There are features in your app that, if they were to fail, would have little to no consequence to your users, your liability, or your bottom line. There are others that would be catastrophic. You can and should be smarter with your code coverage tools. Please consider doing something other than blindly applying the default threshold to every project and every file.

Never spend six minutes doing something by hand when you can spend six hours failing to automate it - Zhuowei Zhang

In keeping with the theme of return on investment, I do believe developers forget that automated code-based tests are not the only way to test a feature or code. If you’re building a web-based application, there are tools like Selenium and Cypress. If you’re testing a mobile app or a desktop app there are other options available.
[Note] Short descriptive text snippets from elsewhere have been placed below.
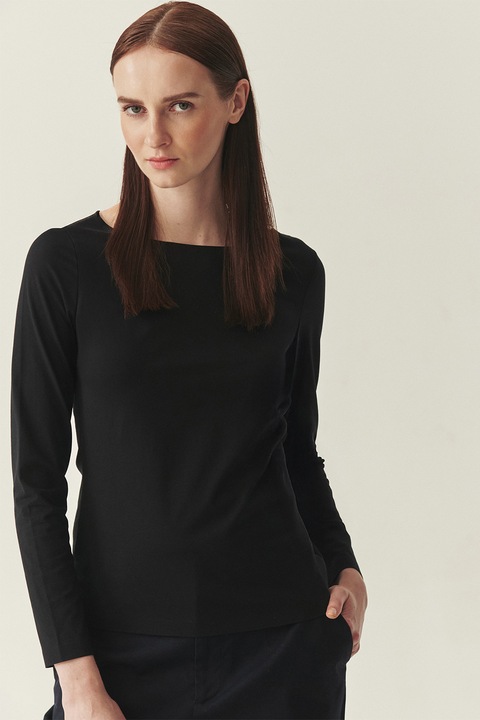 Tatuum, Bluza din amestec de bumbac cu decolteu barcuta, Negru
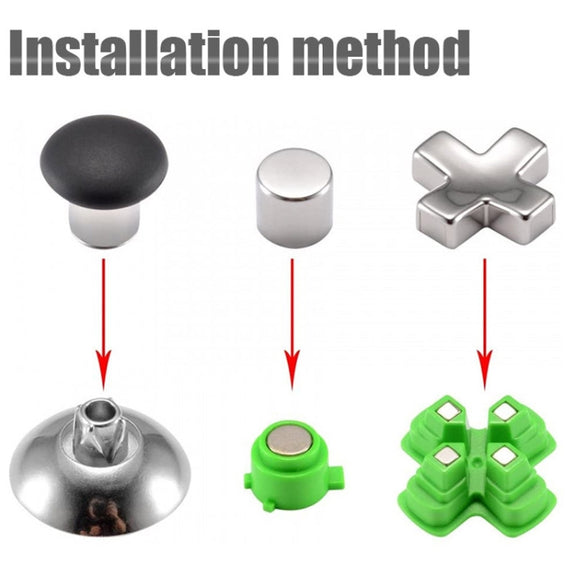 For PS5 Cross Key 3pcs /Set Gamepad Metal Buttons Mushroom Head Magnetic Base Cross Keys Accessory Set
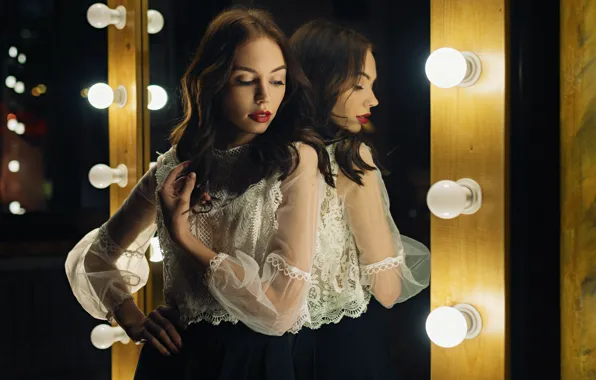 Pose, reflection, model, mirror, blouse, light bulb, Sergey Fat, Sergey Zhirnov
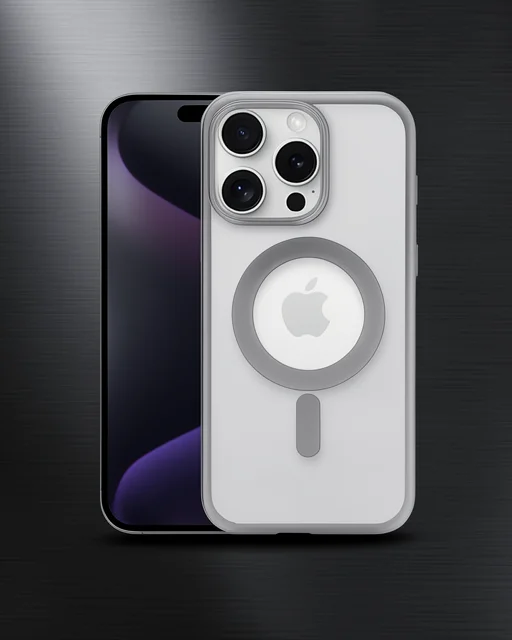 Apple İphone 15 Pro Max Kılıf Erozi Magsafe Kapak - Gümüş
Typically these tools don’t measure code coverage.

There is also the old fashioned way, which involves a physical user going through the motions of verifying the feature or code works by hand. Consider the amount of time it takes to write automated tests for a particular feature set versus the time it would take to manually test the same thing.

For example, if you can write automated tests in four hours (4 X 60 = 240 minutes),and manually test the same features in 20 minutes from start to finish, with a very rough back of the napkin math, you’d potentially see a return on investment after 12 releases/deployments of that software.

There are other costs involved that we’re intentionally not factoring, i.e. cost of the person who manually executes the test, the potential fallibility of humans versus code, the cloud costs of running these tests in your pipeline. Even without those values it is easy to appreciate that automated tests provide benefits in this use case through the economies of scale. Depending on the feature and the critical nature of that application, it’s common to have testing for the same feature in multiple places such as automated and manual testing.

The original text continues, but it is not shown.